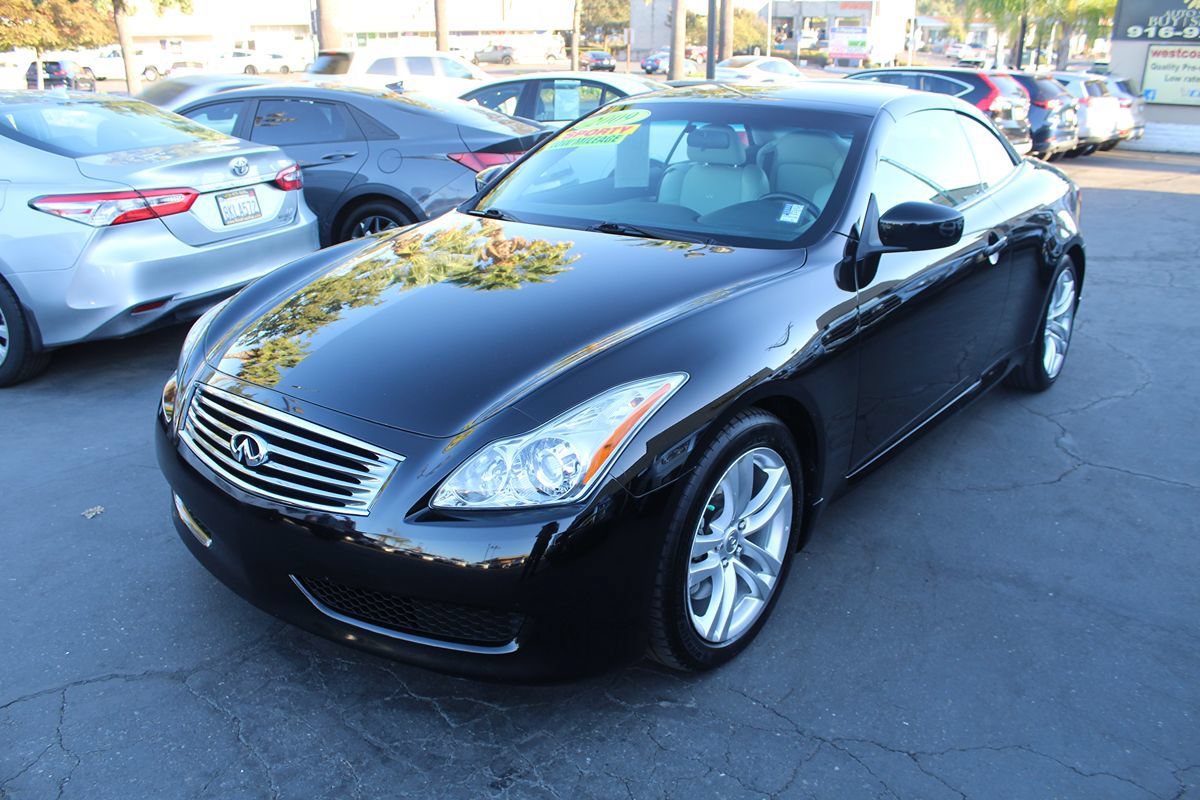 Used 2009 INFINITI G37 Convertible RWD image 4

■ ■ ■

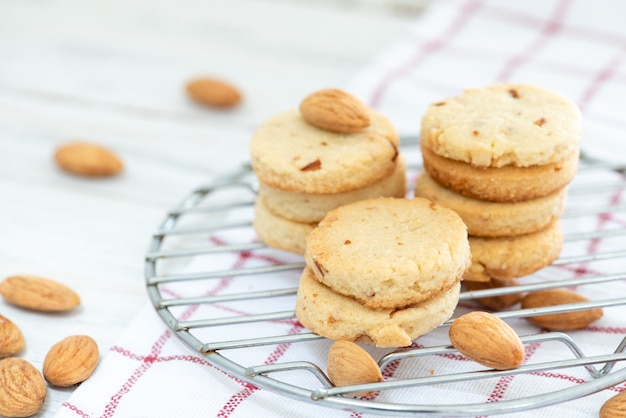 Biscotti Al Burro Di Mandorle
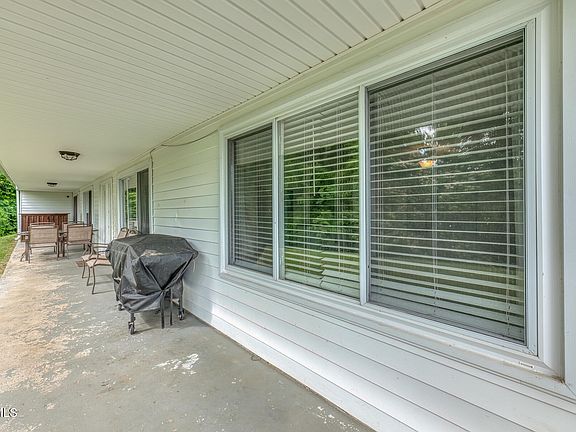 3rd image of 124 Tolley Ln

■ ■ ■

The answer should consist only of the lines above from the one with "Biscotti Al Burro Di Mandorle" through the one with "3rd image of 124 Tolley Ln", repeated exactly, with no pictures among them.

### Written response
 Biscotti Al Burro Di Mandorle
 3rd image of 124 Tolley Ln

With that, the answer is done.